** Opening Dataset records block **
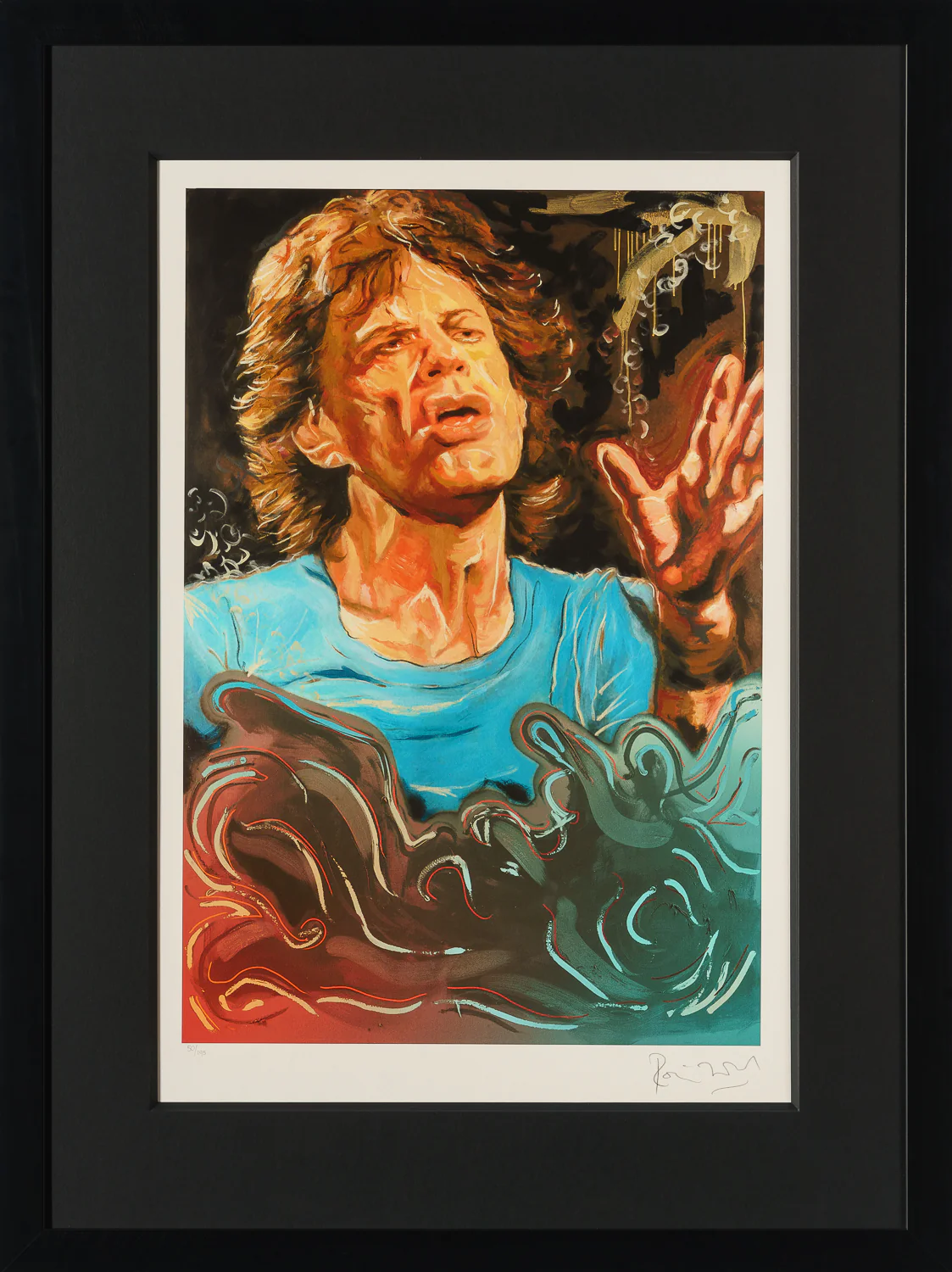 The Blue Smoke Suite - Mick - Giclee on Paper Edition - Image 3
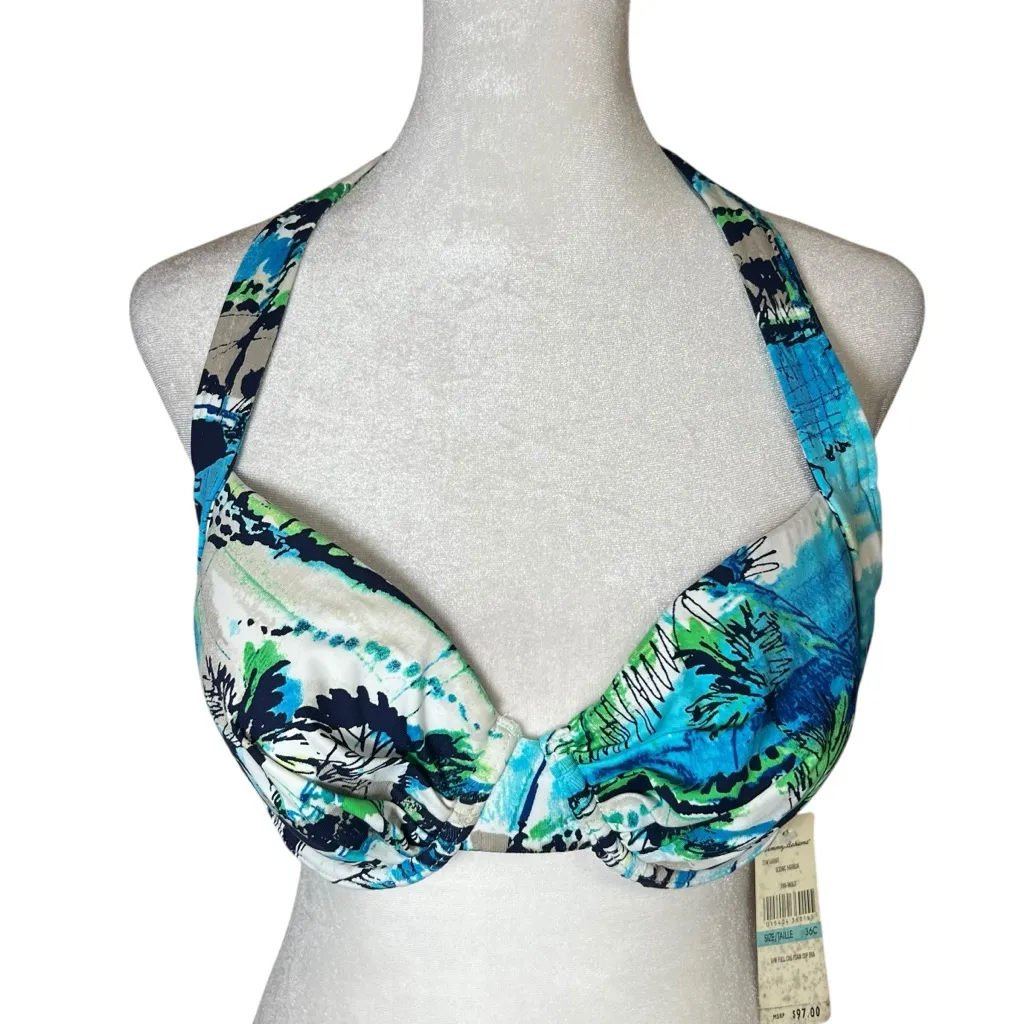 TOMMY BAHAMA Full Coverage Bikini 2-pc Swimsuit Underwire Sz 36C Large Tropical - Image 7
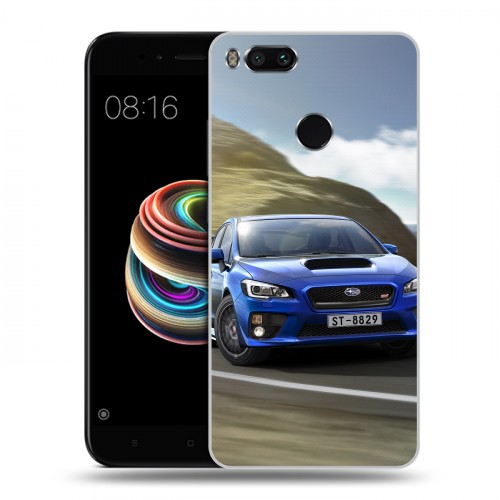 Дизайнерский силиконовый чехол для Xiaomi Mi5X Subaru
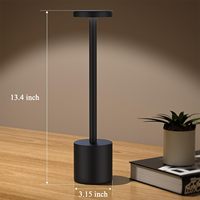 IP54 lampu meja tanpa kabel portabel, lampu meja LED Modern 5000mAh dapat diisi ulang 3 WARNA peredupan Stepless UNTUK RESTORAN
** Closing Dataset records block **
** Opening Dataset records block **
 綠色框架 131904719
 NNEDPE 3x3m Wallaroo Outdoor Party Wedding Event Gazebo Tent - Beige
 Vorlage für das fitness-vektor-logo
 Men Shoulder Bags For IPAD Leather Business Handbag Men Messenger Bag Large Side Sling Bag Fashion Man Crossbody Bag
** Closing Dataset records block **
** Opening Dataset records block **
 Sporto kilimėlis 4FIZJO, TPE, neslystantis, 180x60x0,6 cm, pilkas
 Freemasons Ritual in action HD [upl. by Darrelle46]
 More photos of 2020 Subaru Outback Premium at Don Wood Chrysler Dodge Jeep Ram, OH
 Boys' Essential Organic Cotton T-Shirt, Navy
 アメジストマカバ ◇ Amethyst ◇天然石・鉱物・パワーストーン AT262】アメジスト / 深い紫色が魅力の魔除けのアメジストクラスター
** Closing Dataset records block **
### Task details
Above are some records; quote exactly and only the lines that begin at the line containing "TOMMY BAHAMA Full" and stop after the line containing "IP54 lampu meja", leaving out the pictures.

### Solution to this task
 TOMMY BAHAMA Full Coverage Bikini 2-pc Swimsuit Underwire Sz 36C Large Tropical - Image 7
 Дизайнерский силиконовый чехол для Xiaomi Mi5X Subaru
 IP54 lampu meja tanpa kabel portabel, lampu meja LED Modern 5000mAh dapat diisi ulang 3 WARNA peredupan Stepless UNTUK RESTORAN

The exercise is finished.